November 14, 2015

We had our first meeting discussing what an equation to control how to steer with the articulated steering system chassis team is designing.

We found through geometry and trigonometry that the angular velocity (the radians per time traveling around the circle) is equal to the tangential speed we want at the center of the circle (ds/dt given by the y-axis input) times a large equation:

dθ/dt = ds/dt * sin^2(θ)/[a * (sin(θ) - θ) * (cos(θ) + 1)]

By the definition of radians:

ds/dt = dθ/dt * k

If the distance from the center of the turning circle is k, then the distance from the inner wheels to the center of the turning circle is (k - L/2) where L is the distance between the wheels. The distance from the center of the turning circle to the outer wheels is (k + L/2).
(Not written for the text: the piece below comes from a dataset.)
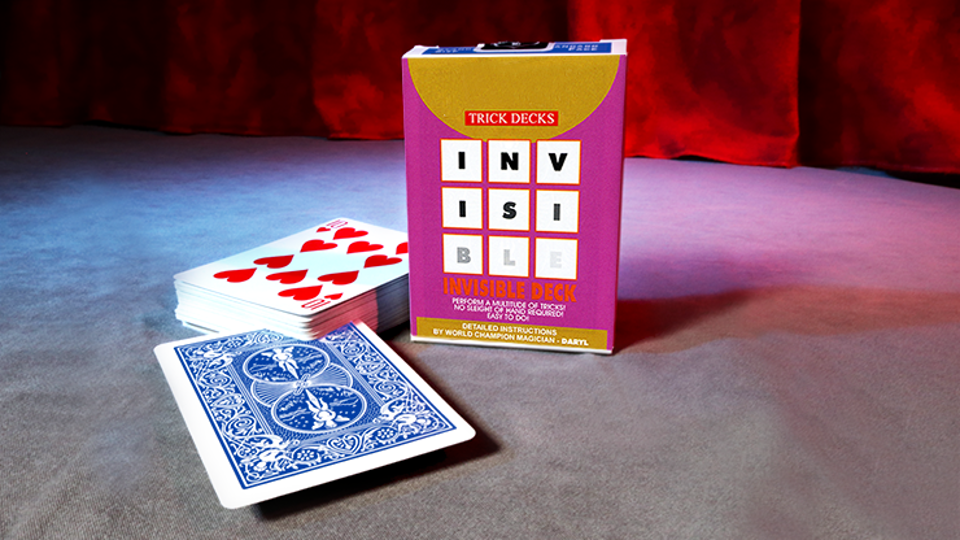Invisible Bicycle Deck-BLUE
So the speed of the inner wheels can be represented by:

di/dt = dθ/dt * (k - L/2) = ds/dt - (dθ/dt * L/2)

For the outer wheels, it becomes +, not -.

do/dt = dθ/dt * (k + L/2) = ds/dt + (dθ/dt * L/2)
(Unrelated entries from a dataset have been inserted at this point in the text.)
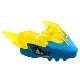 Dragon Head (Ninjago) Jaw Upper with Horns with Molded Dark Azure Face, Bright Light Yellow Eyes, and Dark Blue Highligh...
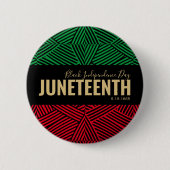 Red Green Black Independence Day 1865 JUNETEENTH Ronde Button 5,7 Cm (Voorkant)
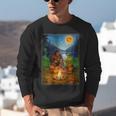 Bigfoot And Alien Reading Books Campfire Halloween Unisex Sweatshirt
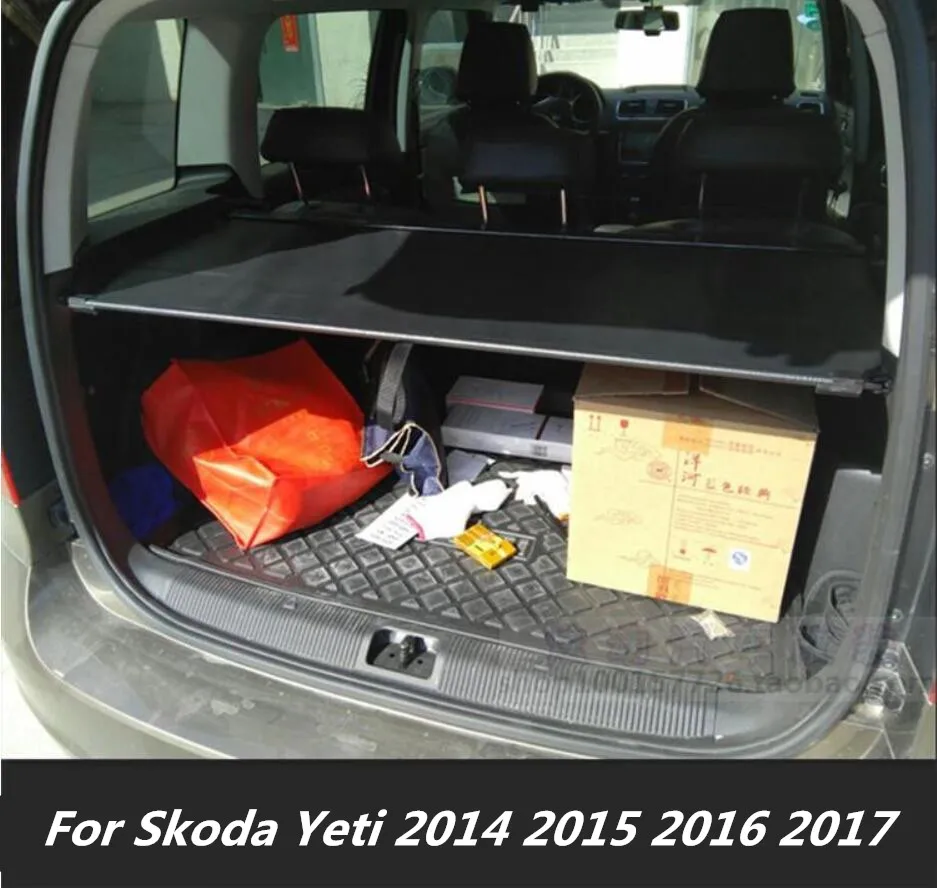 Защитный чехол для багажника Skoda Yeti 2014 2015 2016 2017 2018 (черный бежевый)|Задние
So if we want to turn in a circle with pivot θ, then we can use these equations to find the wheels speeds of the inner and outer wheels. The outer wheels are on the left if θ is positive, and on the right if θ is negative.
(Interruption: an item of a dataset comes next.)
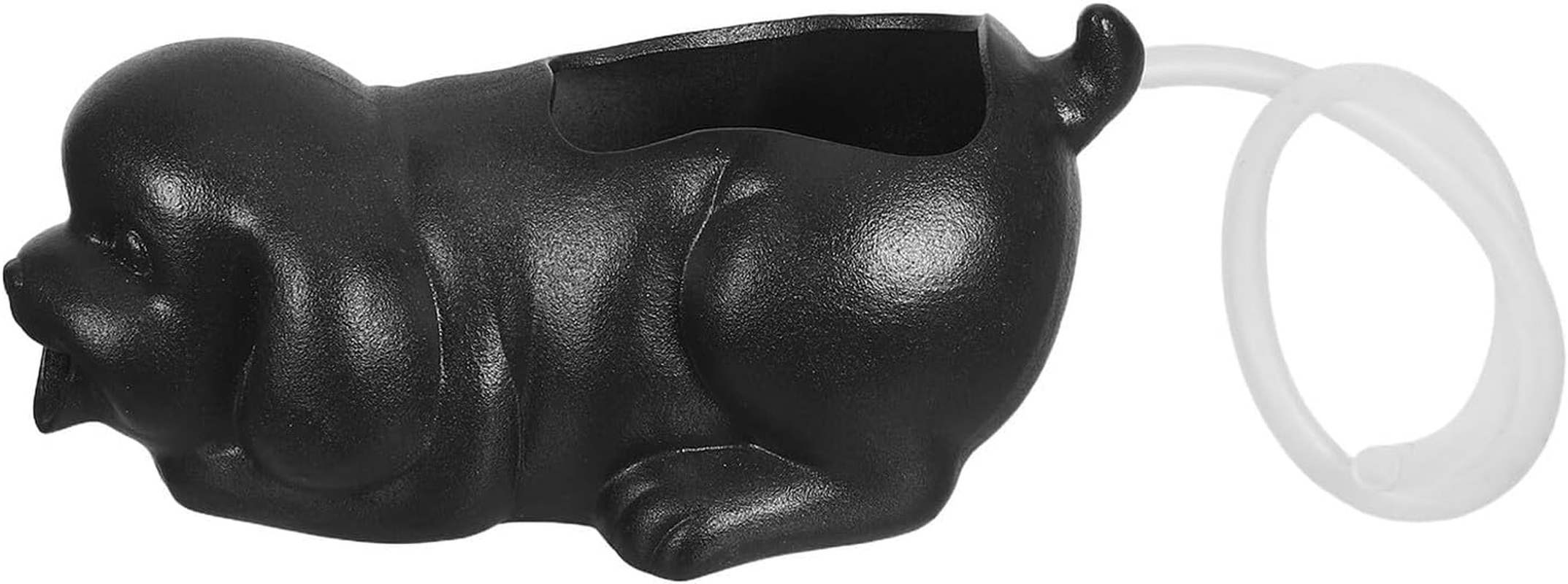 Ceramic Puppy Fountain Decor Water Feature Fish Tank Sculpture for Indoor Outdoor Garden Planter Enhances Aquatic Activity with Natural Filtration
Since we have a potentiometer measuring θ at the pivot, we know what the turning radius is at all times. If we want to change our pivot while moving forward, we simply change what our input θ to θ' is to our equations. Since the ratio of the wheel speeds changes the turning radius, this makes our robot turn with a new angle θ'. Using our x-input from the joystick, you increment or decrement θ before inputting into our function. That way, if the x-input is 0, θ will not change and the rover stays in the same turn.

If θ' would be outside of physical bounds for the rover, simply clip the value within a set of safe bounds. If θ' is too close to 0, the calculated radius of curvature increases without bound, so set the wheel speeds equal below a value θ small.